A very interesting review paper on coronary artery calcium screening in the European Heart Journal.
Their conclusions:
Computed coronary tomography allows for quantification and localization of CAC as a sign of subclinical atherosclerosis. The SHAPE (Screening for Heart Attack Prevention and Education) Task Force presented a practice guideline for cardiovascular screening in the asymptomatic risk population based on signs of subclinical atherosclerosis.
This practice guideline could, however, not be based on prospective observational cohort studies, which are now available and thus these aspects were further emphasized including other tasks for subclinical atherosclerosis such as ultrasound of the carotid artery and screening with biomarkers.

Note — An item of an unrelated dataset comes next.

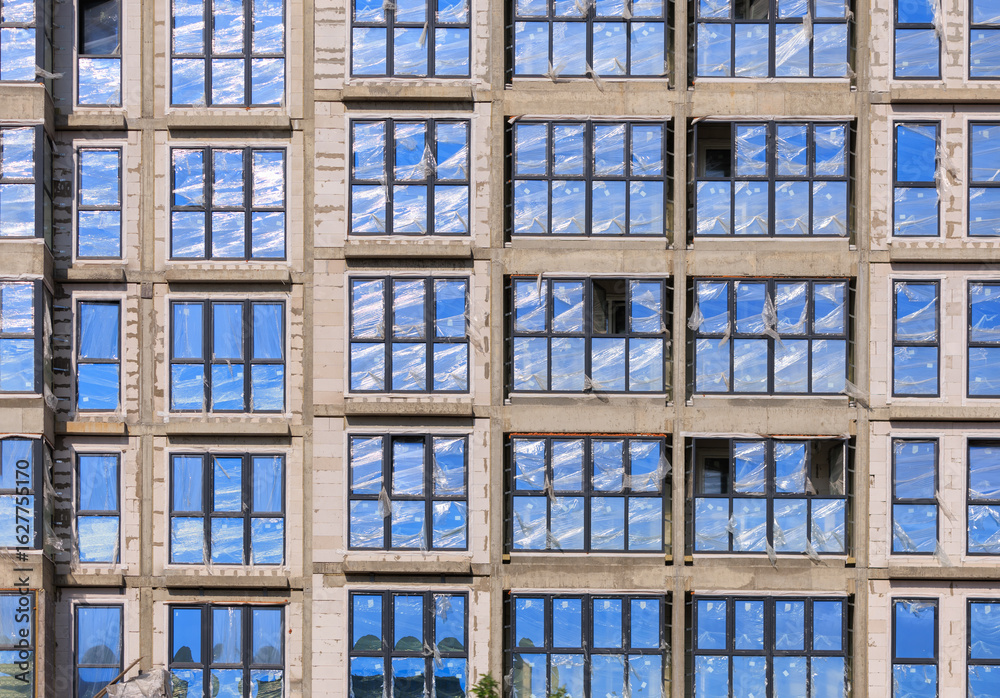 Fototapeta premium Construction of buildings, a multi-story building against the sky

Coronary artery calcification can be used for risk stratification and has already received a class IIa recommendation by the ACC/AHA. Coronary artery calcification should be in the focus of cardiologists particularly for those who are interested in preventive cardiology because important and unique insights in CAD can be provided. Coronary atherosclerosis represents the memory of lifetime risk factor exposure, and has a significant short- term and intermediate term prognostic implication. Our colleagues who experienced a sudden fatal event just like thousands of other people, unaware of their risk, should stimulate us to improve primary prevention by using signs of subclinical atherosclerosis as a marker of risk.